→ **What you need to do**
Print exactly the lines below between the line containing "He literally made" and the line containing "Hello friends. Welcome", counting both of those lines. Leave pictures out.

─── Records supplied

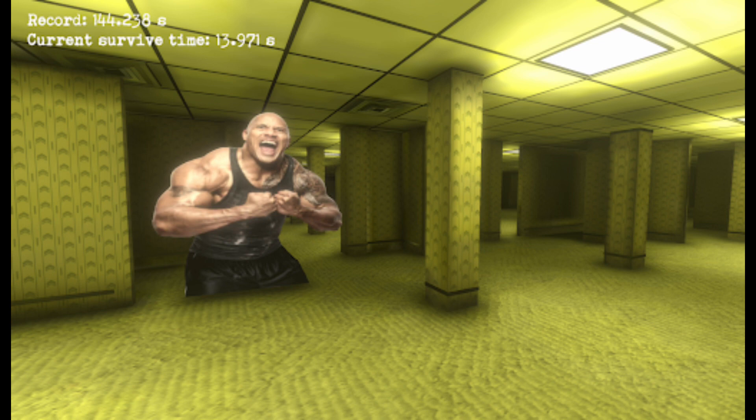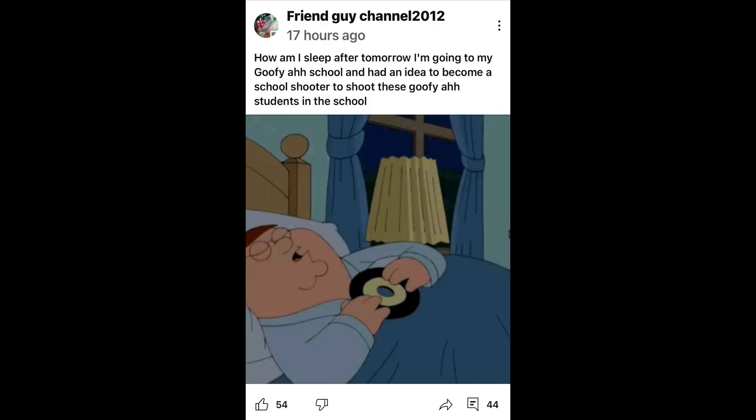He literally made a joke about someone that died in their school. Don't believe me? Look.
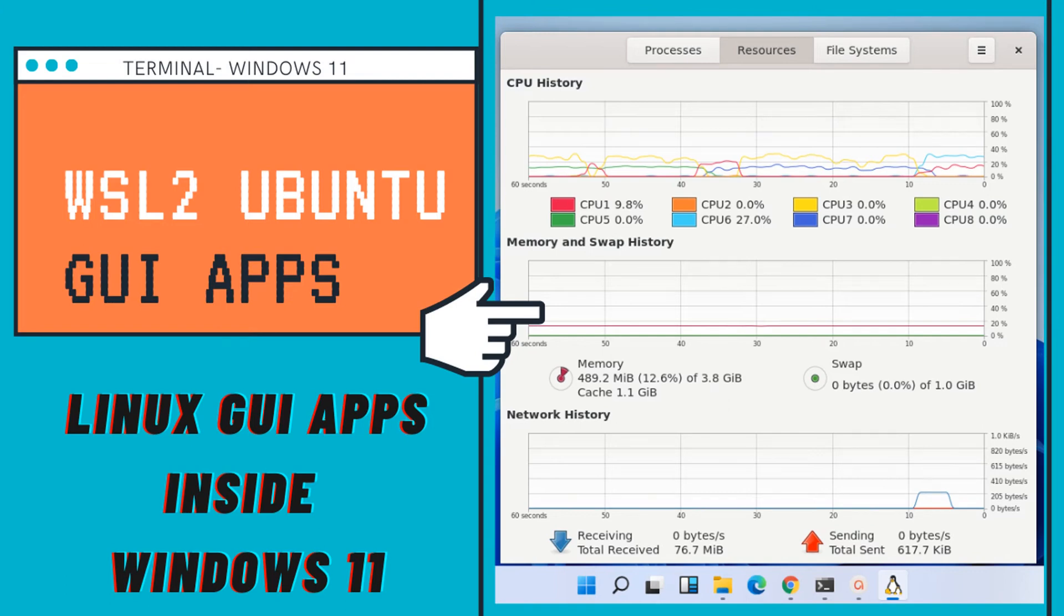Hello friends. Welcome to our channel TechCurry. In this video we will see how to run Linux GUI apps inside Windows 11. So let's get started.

──────
─── Records supplied

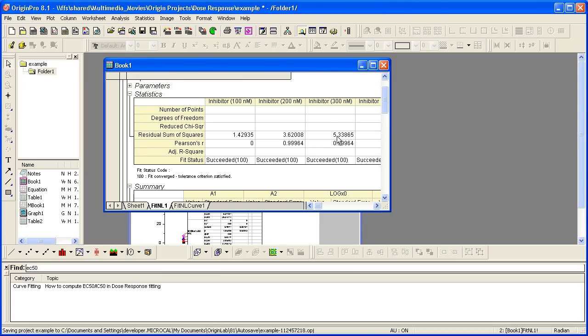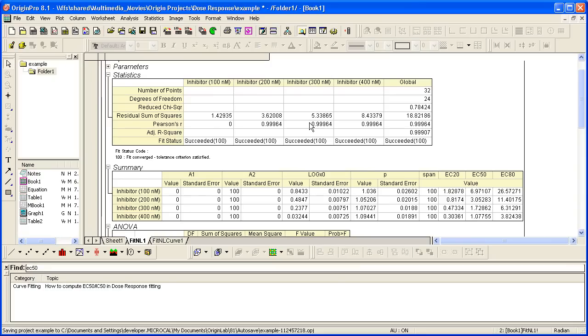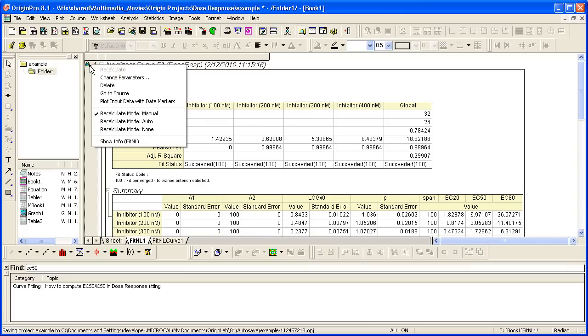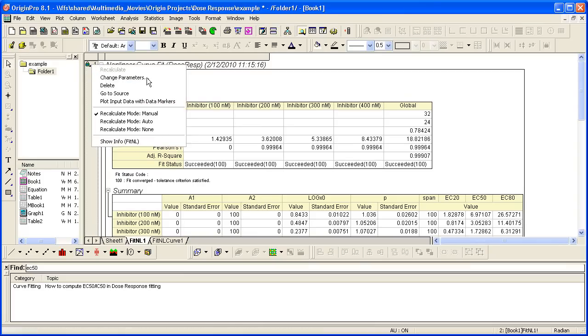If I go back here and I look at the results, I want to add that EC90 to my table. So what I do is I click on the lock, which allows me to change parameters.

──────

→ **Your solution**
He literally made a joke about someone that died in their school. Don't believe me? Look.
Hello friends. Welcome to our channel TechCurry. In this video we will see how to run Linux GUI apps inside Windows 11. So let's get started.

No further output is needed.